1. What’s your story? Where are you from?
I’m from Switzerland and I grew up there. I’ve always been artistically (and independently) inclined and felt that I needed room for expansion in a big, foreign and creative city, so I moved to New York right out of High School. I have been tested by its extremes and inspired by its diversity since. I found my artistic voice, which is intimately connected to my existential interests that have fully formed here.
2. Tell us about your aesthetic.
My aesthetic is a saturated retro-futuristic, 70-s inspired, synesthetic journey into the realm of the transient, dreamy unconscious.
3. What is your favourite medium and why?
My favorite medium is collage and installation (which is really just 3D collage to me). The infinite possibilities of the medium suit my world, while liberating my experience from the boundaries of rationalism. In collaging, the subconscious mind finds new relationships by juxtaposing what does not usually go together, it taps into layers of being that are unexplored. The modes of collaging mirror and explore the workings of the unconscious and really existence, so it’s incredibly interesting to me. Collage layers materials the same way that the psyche stores what happens to us through life. Picking material is effortless, similar to having experiences. Assembling all into a composition then is the hard part, making something or re-understanding the set of materials, or experiences given. Some pieces emerge to the very surface, some are only partly visible. Collage lends itself to an instinctive, ‘automatic’ process of selecting and arranging, which is just like existence. It all feels very truthful and natural to me to collage.

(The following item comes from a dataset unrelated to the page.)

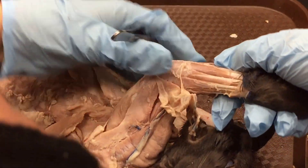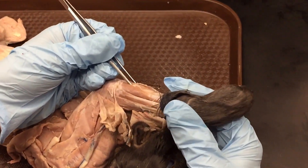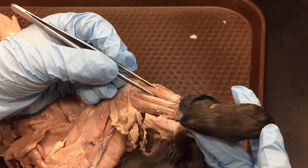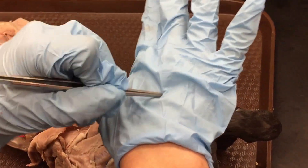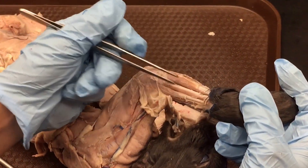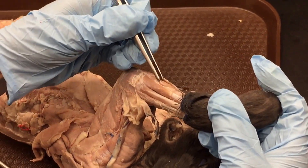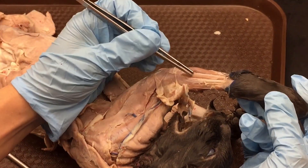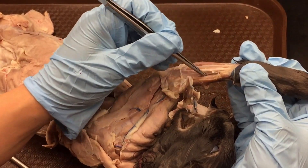If we flip to the extensor side, the first major muscle is the extensor carpi ulnaris, beside the flexor carpi ulnaris. Then extensor digitorum lateralis, and extensor digitorum, which is typically in line with the middle finger — so that's a useful marker on the extensor side. It's probably easiest to continue from the ulnar side: extensor carpi ulnaris, extensor digitorum lateralis, extensor digitorum.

4. What is your artistic process like?
It’s quite wild. I make a huge mess (after sourcing materials) in my studio. I select pieces of images based on whether or not I feel drawn to them. It quickly starts to look like a million magazines exploded all over the space every time. That’s the expansion and that’s how I start to see things. Then I slowly make my way across the hundreds of pieces spread out all over the floor and begin to see connections. It’s more of a visual and organic process than actually coming up with an idea, that’s the bi-product that is less planned. Usually I end up with something that I only understand once it’s glued.
5. Who and/or what inspires your work?
What inspires me the most are less pieces of art (although I do get inspired by artist such as James Turrel, Dalì and Pippilotti Rist) than pieces of life, and specifically the exploration of the unconscious and collective unconscious. Having been exposed to mental illness in my immediate family since I was a teenager, I became fascinated with psychology and art as a way to delve into worlds that are hidden to the ego. Another piece in my inspiration puzzle is yoga, which I practice daily before my creative practice. It’s a direct access point to my own inner world that I observe in fascination and explore through my work. I also get inspired by travel and nature. I think nature has a lot to teach us, and really we’re just nature ourselves. Traveling allows me to invent new worlds in my pieces because I keep exploring places I never knew existed. So I can only imagine what else is out there. I also get inspired by my amazing city (NY) and the ridiculously talented people in it.
6. What role does art play in your life? How does it change the way you view the world?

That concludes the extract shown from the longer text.